Noté que algo mojaba mi mano, y al mirar, su enorme cabeza color chocolate me saludaba. Apoyó su cabeza en mi regazo mientras mis manos le acariciaban detrás de las orejas, y así se quedó, pacíficamente, hasta que el Calvo, a quien había acompañado en su paseo, ocupó la silla vacía junto a mí mientras se pedía un ponche.
Un silencio, cómodo, y corto, dio paso a una pregunta muy común, a la que respondí que a mí también me parecía absurdo. No podía entender porque después de un año, seguían cargando el peso de las restricciones en los bares. Nada avalaba que el alternar fuera fuente de contagios, nada nos indicaba que cerrando bares se detuviera la pandemia, la cual, por desgracia, seguía su marcha con bares y sin bares, y a un rito implacable que se llevaba a algunos amigos.
Ambos nos acordamos de algunos amigos, los cuales, encerrados en sus casas desde las seis de la tarde, habían enfermado, y aunque sonara ridículo, la falta de compañía, aunque fuera en la barra de un bar les empujaba al siguiente día. La soledad impuesta por decreto, el obligatorio empuje a beber frente a un televisor frío y manipulado, estaba llevando a mucha gente a cuestionarse miles de cosas.
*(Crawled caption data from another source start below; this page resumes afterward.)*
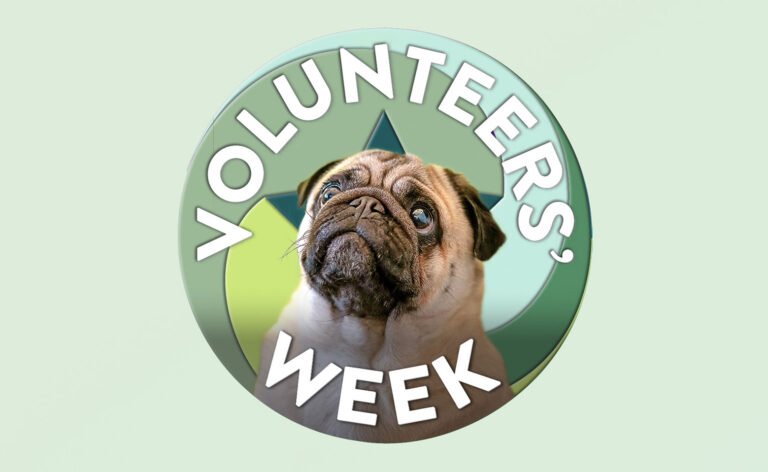 Volunteers’ Week 2026 is a time for us to say thanks to all of our wonderful volunteers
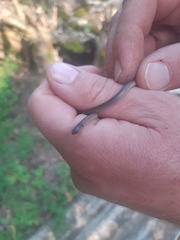 Aparallactus capensis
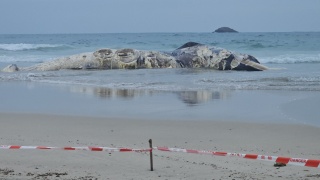 西貢鹹田灣水域發現11米長腐爛鯨魚屍體-漁護署-相信是外海隨水漂來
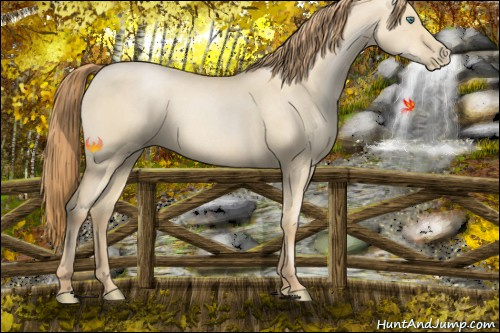 Horse Color:Smoky Grullo Pearl 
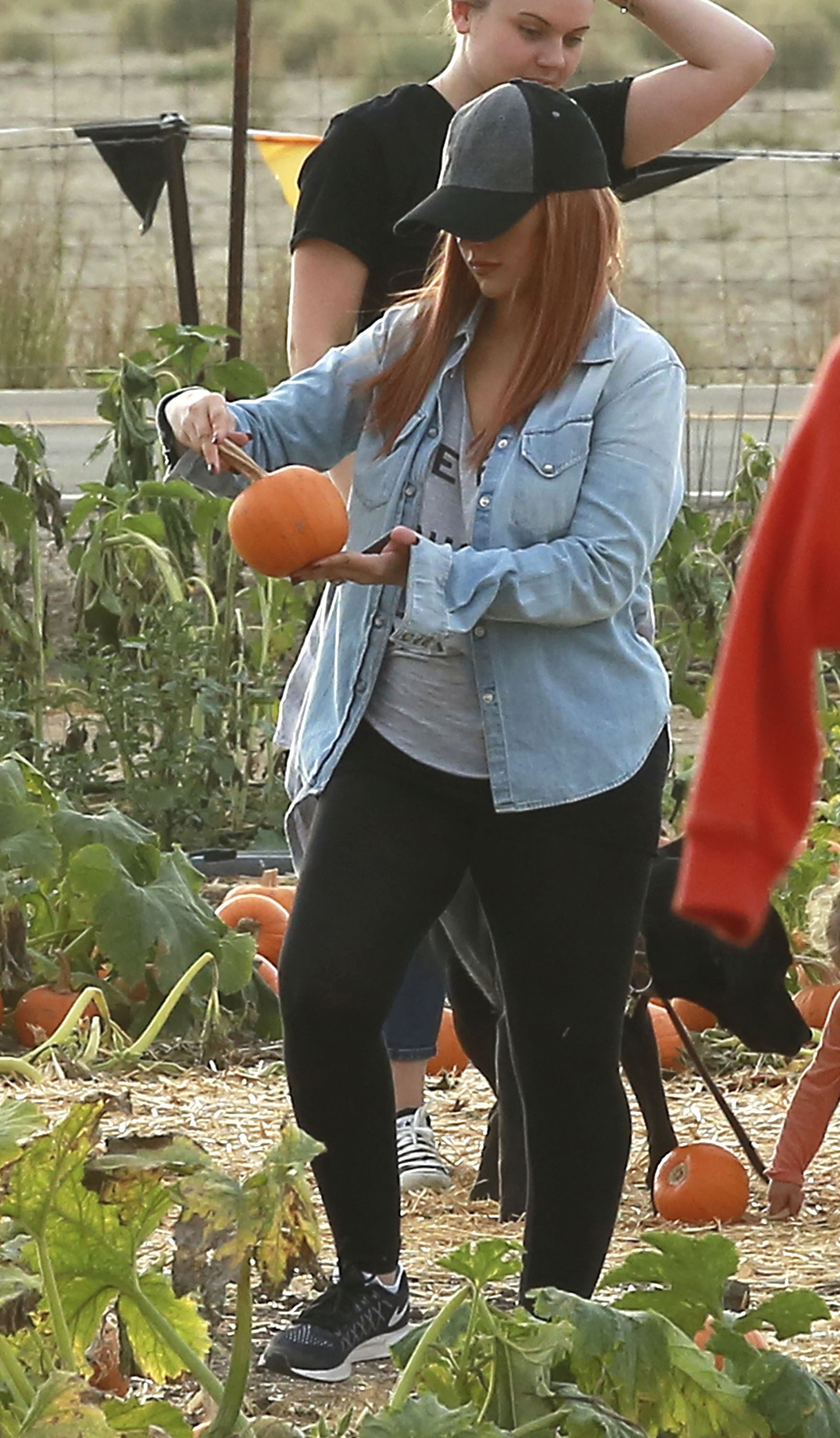 25896374022.jpg 25896374022.jpg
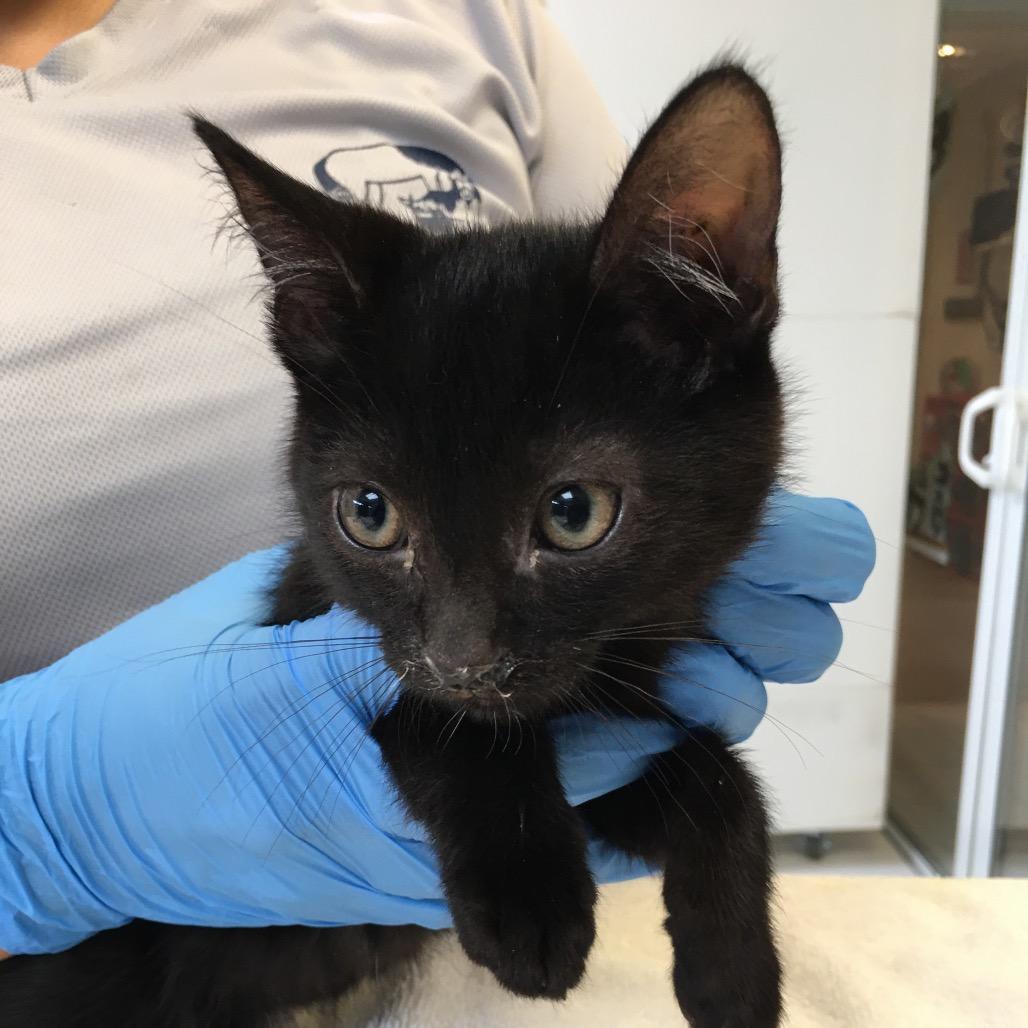 Edgar, Adoptable, Kitten Male Domestic Short Hair.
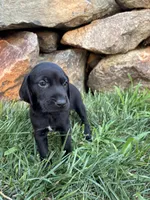 Hunter, a male German Shorthaired Pointer and Golden Retriever for sale in Bradford, OH – 4 of 4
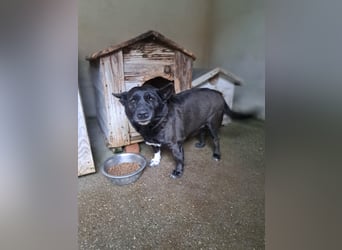 Sergiolino sucht sein Glück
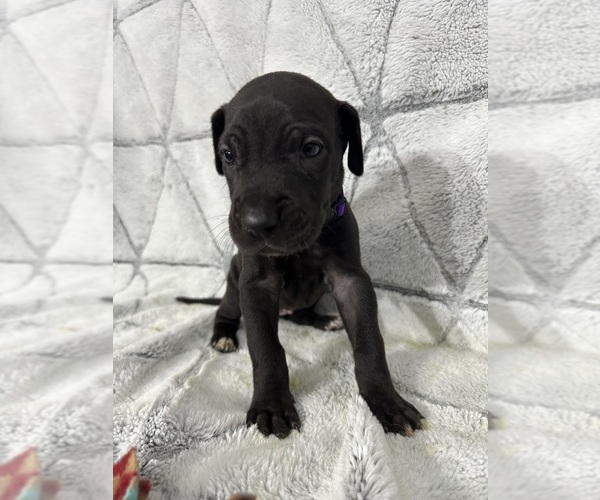 Medium Photo #1 Great Dane Puppy For Sale in CONROE, TX, USA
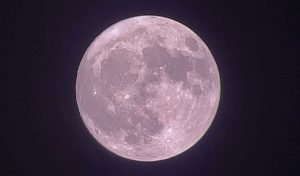 Uae Witnesses Rare Lunar Event As Strawberry Moon Appears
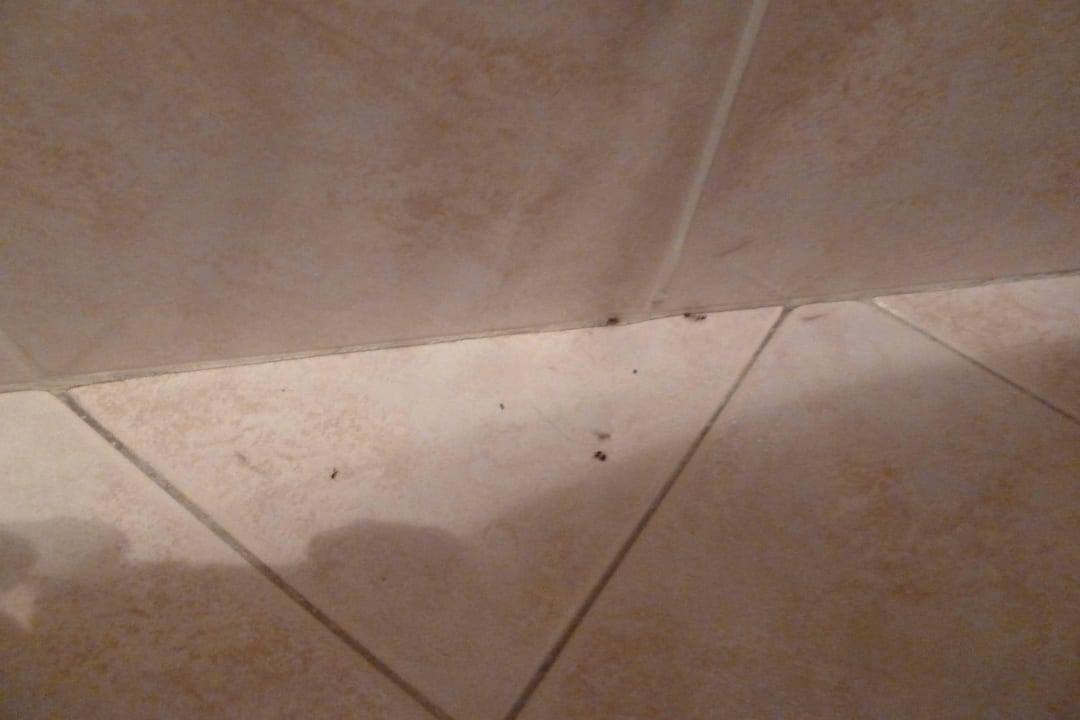 Ameisen Residence La Rotonda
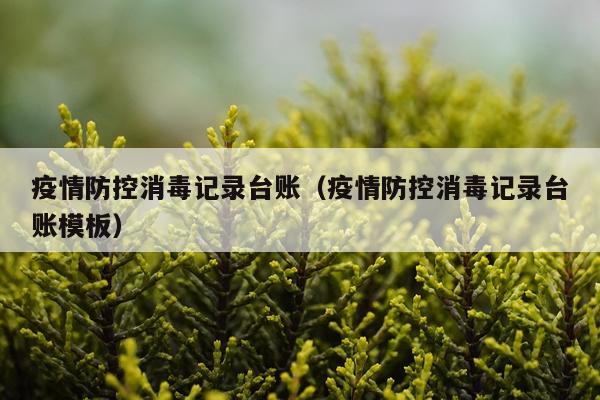 疫情防控消毒记录台账（疫情防控消毒记录台账模板）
Discutimos, pues yo seguían confiando en que se hacía lo mejor que se podía, que nadie tenía intención de amargar a nadie, y que los políticos tratan de hacerlo lo mejor que pueden. Mi inocencia y desconocimiento de los políticos españoles causó su risa, levantó su copa de ponche, me mencionó dos nombres, y tan solo dijo, ya están con ella.
No quise seguir preguntando, pues notaba como sus ojos se empañaban, y su último gesto me consternó. Ni era justo para los dueños de los bares, ni era justo para quienes un bar era la prolongación de su casa, el lugar donde al menos notaban el calor y la compañía que la soledad de sus paredes le brindaba.